More than 29,000 customers lost electricity in Ireland when winds gusting up to 70 mph blew through communities in the northern and eastern parts of the country.

In Poland, three people died in the village of Poraj when a tree fell onto their car. Winds reached 85 mph throughout the northern part of the country. Firefighters responded to more than 1,500 emergency calls. Winds caused more than 400,000 customers to lose electricity.

Storm surges reach 20 feet
In Hamburg, Germany, water levels rose to 13 feet above the normal high tide level. Parts of the city center and port areas were flooded.

At its highest level, the morning of Dec. 6, the tidal surge measured 20 feet above sea level, according to a Hamburg official, the highest it has been since the early 1990s.

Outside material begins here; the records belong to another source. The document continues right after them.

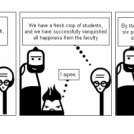 Executive Decisions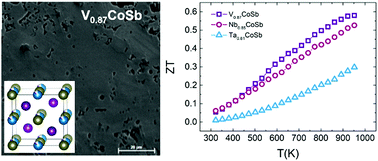 Graphical abstract: Low thermal conductivity and promising thermoelectric performance in AxCoSb (A = V, Nb or Ta) half-Heuslers with inherent vacancies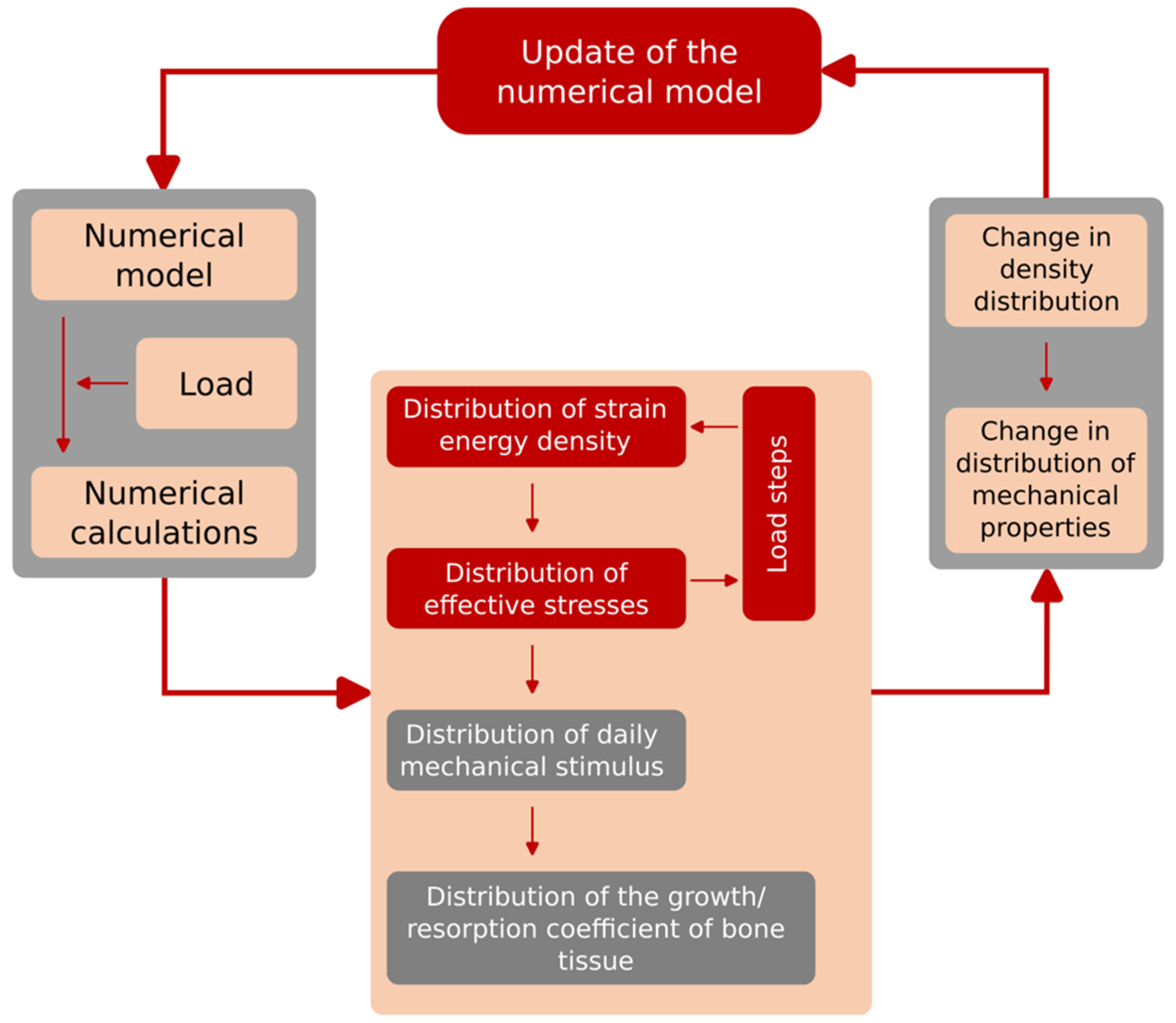 Applsci 14 07976 g012 Applsci 14 07976 g012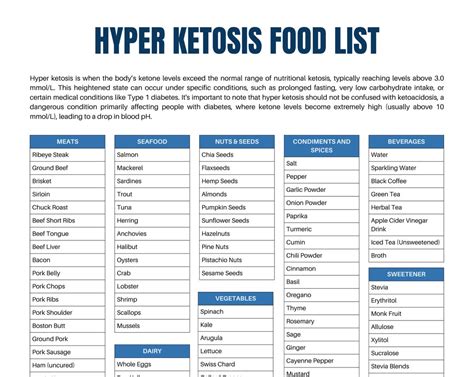 Hyper Ketosis Diet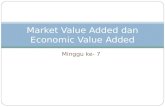 7. market value added dan economic value added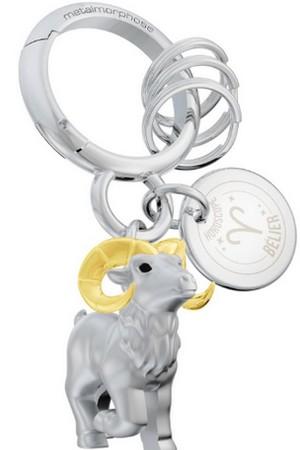 Porte cle belier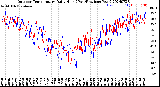 Milwaukee Weather Outdoor Temperature<br>Daily High<br>(Past/Previous Year)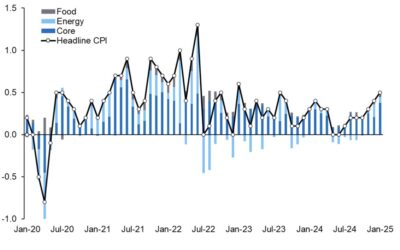 Morgan Stanley hasn’t changed its Federal Reserve forecast despite strong US CPI report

Fortunately for many Europeans, the last 60 years have seen vast improvements in tidal defenses. Last week, the Thames barrier was closed for two days to protect residents of low-lying areas around greater London and the Thames estuary.

At its highest, the storm surge caused a 6-foot-plus difference in water height between the downriver and upriver sides of the barrier. In Hull, according to a report on the Climate Central website, the level of the River Humber rose to a record high of 19 feet on the night of Dec. 5. Flooding was stemmed by a barrier that has been in place since 1980.

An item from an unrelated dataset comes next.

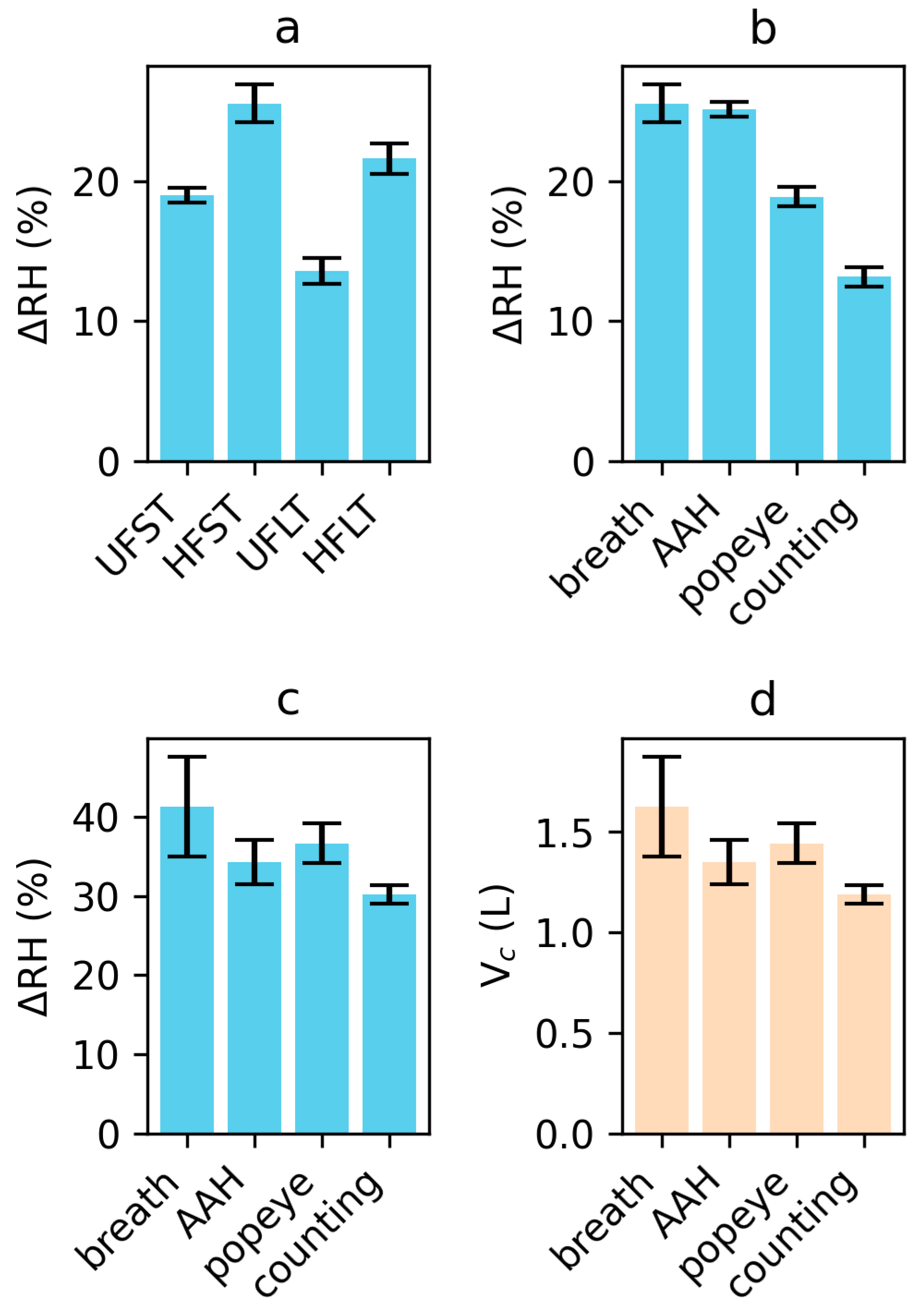 Atmosphere 15 00570 g002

In the Netherlands, the Eastern Scheldt storm surge barrier, a complex of dams, sluices and dikes built to protect the large area of land around the Rhine-Meuse-Scheldt delta, was closed off for the first time in six years.

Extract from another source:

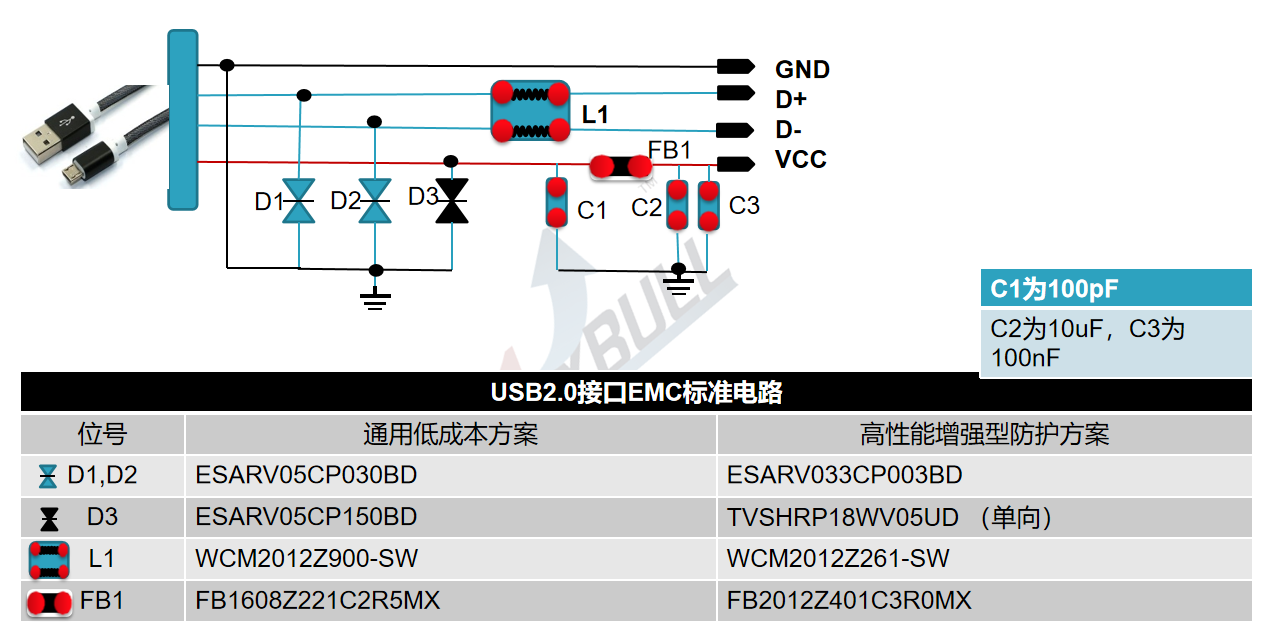 EMC设计指南-USB2.0接口EMC标准电路(图1)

Dutch authorities said they had issued the highest possible flood warning for four areas in the north of the country. In the southwestern province of Zeeland, officials reported that the North Sea had risen by 13 feet, the highest level since 1953.

Damage estimates lag
Estimates of the magnitude of losses generated by Xaver will be several days in coming. Insurance brokers, reinsurers and risk modeling firms say it is too early to speculate. A spokesman for Aviva, the United Kingdom's largest insurance company, said, "The impact is still being measured on the ground. We're assessing and monitoring areas affected."

According to Brian Owens, senior director of risk modeling firm Risk Management Solutions, better infrastructure defenses as well as the relatively brief duration of the surge events protected most developed regions from Xaver's impact. Owens was quoted in a report on the website Artemis.bm, which covers the alternative risk transfer, catastrophe bond and insurance linked security markets,

On Twitter, Swiss Re's natural catastrophe team leader, Andreas Schraft, said: "Too early for loss estimates."

With Xaver, the trend in severe weather across Europe seems to be continuing. In a Dec. 6 report in the Irish newspaper Independent.ie, Ray McGrath, of Met Eireann's research department, pointed out that "global warming" does not simply mean temperatures are going to go up. Trends in extreme weather of all kinds, he said, are expected to worsen.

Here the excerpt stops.